Discussion in 'Homework Help' started by bwd111, Jul 28, 2013.
25kW operating across a balanced three-phase 460v what is the current draw?
I came up with 54.35A
I think you need to include √3 in your calculation since this is 3-phase.
Still comes up to 54.34A
What did you come up with
This is what I get:
only had 31.41,54.35or 163.04 to chose from not 31.35 to choose from
I found 2 pages that will help.
You will get 31.41A if your round √3 down to 1.73
Those two answers only differ by 0.2%. What more can you expect, especially when odinhg indicated that the answer was approximately 31.34A.
Why wont this formula work P = I*V, so 25,000W = I * 460v? The answer comes up to 54.35A
Because that formula applies to a device in which you have two terminals across which V appears and the I going in one terminal and out the other. It also assumes that the V and the I are in phase.
With a three-phase netwrok, you have three terminals. Across any two of them you have V (but the pairs have phase shifts of 0, +120°, and -120°). This means that you have three supplies dumping power into it. But the reason why the total power isn't 3VI is because the voltage and the current aren't in phase on any pair of legs.
Work through the analysis on either a delta or a wye connected load and you should see how it works out. In particular, focus on the relationship between the line-to-line voltages compared to the line-to-neutral voltages.
Keep in mind the 25kW is perhaps distributed over 3 phases.
If the line-to-line voltage is 460 volts then the line current would be
Current draw depends on the power factor, power load and voltage.
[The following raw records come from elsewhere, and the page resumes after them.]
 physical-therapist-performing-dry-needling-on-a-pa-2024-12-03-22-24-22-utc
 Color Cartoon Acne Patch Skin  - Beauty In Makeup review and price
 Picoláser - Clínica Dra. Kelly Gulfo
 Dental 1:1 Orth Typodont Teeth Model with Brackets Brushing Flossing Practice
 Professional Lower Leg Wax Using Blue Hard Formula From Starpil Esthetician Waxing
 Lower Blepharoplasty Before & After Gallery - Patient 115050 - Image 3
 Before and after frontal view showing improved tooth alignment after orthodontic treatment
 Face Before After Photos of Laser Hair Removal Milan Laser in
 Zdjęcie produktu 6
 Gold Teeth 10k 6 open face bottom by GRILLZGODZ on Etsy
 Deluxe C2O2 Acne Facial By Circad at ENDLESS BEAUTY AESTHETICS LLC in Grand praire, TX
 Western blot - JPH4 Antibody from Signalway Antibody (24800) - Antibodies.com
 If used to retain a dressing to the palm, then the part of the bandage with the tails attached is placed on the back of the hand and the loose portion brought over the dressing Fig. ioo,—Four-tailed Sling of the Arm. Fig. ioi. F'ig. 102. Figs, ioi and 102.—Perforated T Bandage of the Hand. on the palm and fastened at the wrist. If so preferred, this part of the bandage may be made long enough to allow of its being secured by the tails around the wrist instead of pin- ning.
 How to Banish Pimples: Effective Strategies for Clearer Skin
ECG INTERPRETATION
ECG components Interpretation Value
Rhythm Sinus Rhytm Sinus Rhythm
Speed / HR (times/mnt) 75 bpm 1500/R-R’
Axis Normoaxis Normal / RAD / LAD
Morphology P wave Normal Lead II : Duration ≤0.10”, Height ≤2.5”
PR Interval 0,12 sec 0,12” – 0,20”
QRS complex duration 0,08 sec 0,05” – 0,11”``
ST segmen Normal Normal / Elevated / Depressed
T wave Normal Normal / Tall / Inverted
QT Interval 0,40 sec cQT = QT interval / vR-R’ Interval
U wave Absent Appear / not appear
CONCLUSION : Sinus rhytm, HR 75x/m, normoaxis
Mathematical relations for the calculation are:
Option 1: - use voltage between phases:
I = P / (1.73 * V_line * cos_Fi)
where: I - current draw, P = 25kW, V_line - voltage between phases; cos_Fi - power factor (<=1).
Option 2: - use voltage between phase and neutral:
I = P / (3 * V_phase * cos_Fi)
where: I - current draw, P = 25kW, V_phase - voltage between phase and neutral (V_phase = V_line / 1.73); cos_Fi - power factor (<=1).
If you apply any of the two above mathematical relationships, the result is the same.
You should take into account a power factor of 0.5, to cover all cases.
In the original post here
the OP stated this was a 25kW 3 phase heater. A power factor of 0.5 seems rather extreme.
My statement above, about power factor of 0.5, was made in the event that it is not known type of load.
LATER EDIT: If the load is resistive then the power factor is equal to 1.
this was the formula we were shown and is different that what you all have shown me. kw*100/1.73*e*PF
Perhaps you should consider changing schools and going to one that is actually going to teach you correct information.
The answer came out the same so both equations worked. Schools not the answer its who you know. Thanks again for your help and I learned soething as well
Didn't one giver you 54A and the other 31A?
I don't follow. If you believe this, then why are you in school at all? Or do you figure that all you need to do is get a piece of paper and then rely on getting someone to do a favor for you and give you a job?
Your welcome, and I hope so.